- Problem to solve
Output the listing below exactly, minus its images.

- Data
_ _ _ _ _

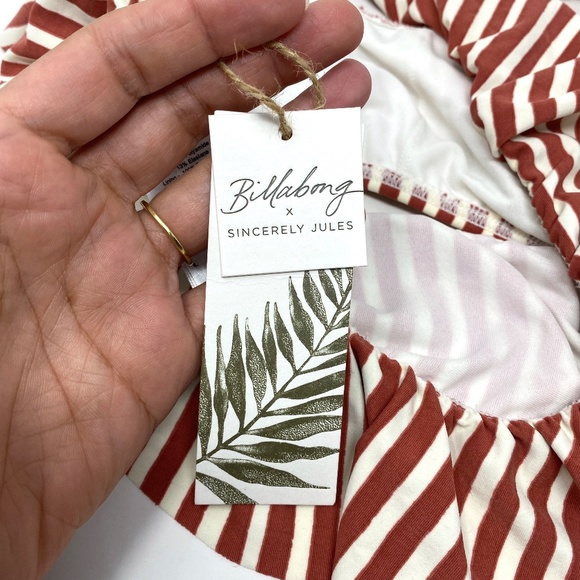 Billabong Sincerely Jules Dos Palmas Ruffle Bikini TOP ONLY in Mul Red Sz Small - Picture 7 of 9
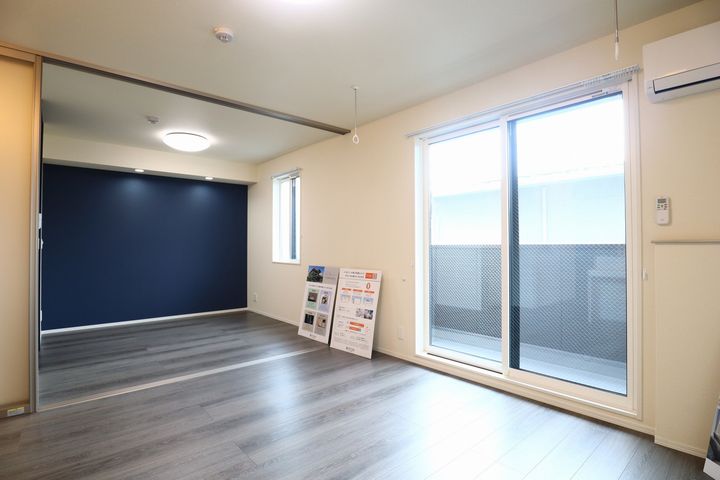 COMMONSのその他画像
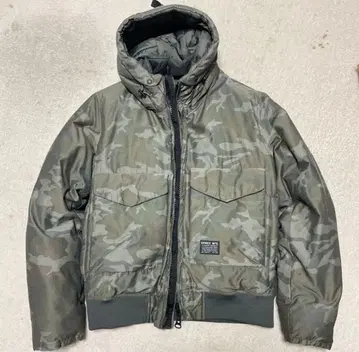 [ 기간 한정 판매 ] AVIREX 카모 패턴 후드 부착 다운 자켓 M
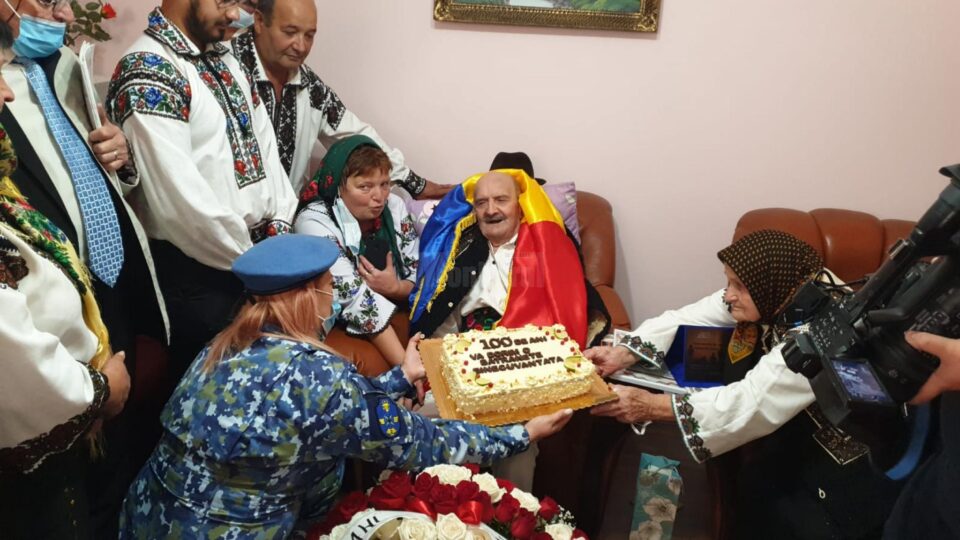 La împlinirea vârstei de 100 de ani, veteranul sărbătorit a primit un tort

_ _ _ _ _

- Answer to the problem
 Billabong Sincerely Jules Dos Palmas Ruffle Bikini TOP ONLY in Mul Red Sz Small - Picture 7 of 9
 COMMONSのその他画像
 [ 기간 한정 판매 ] AVIREX 카모 패턴 후드 부착 다운 자켓 M
 La împlinirea vârstei de 100 de ani, veteranul sărbătorit a primit un tort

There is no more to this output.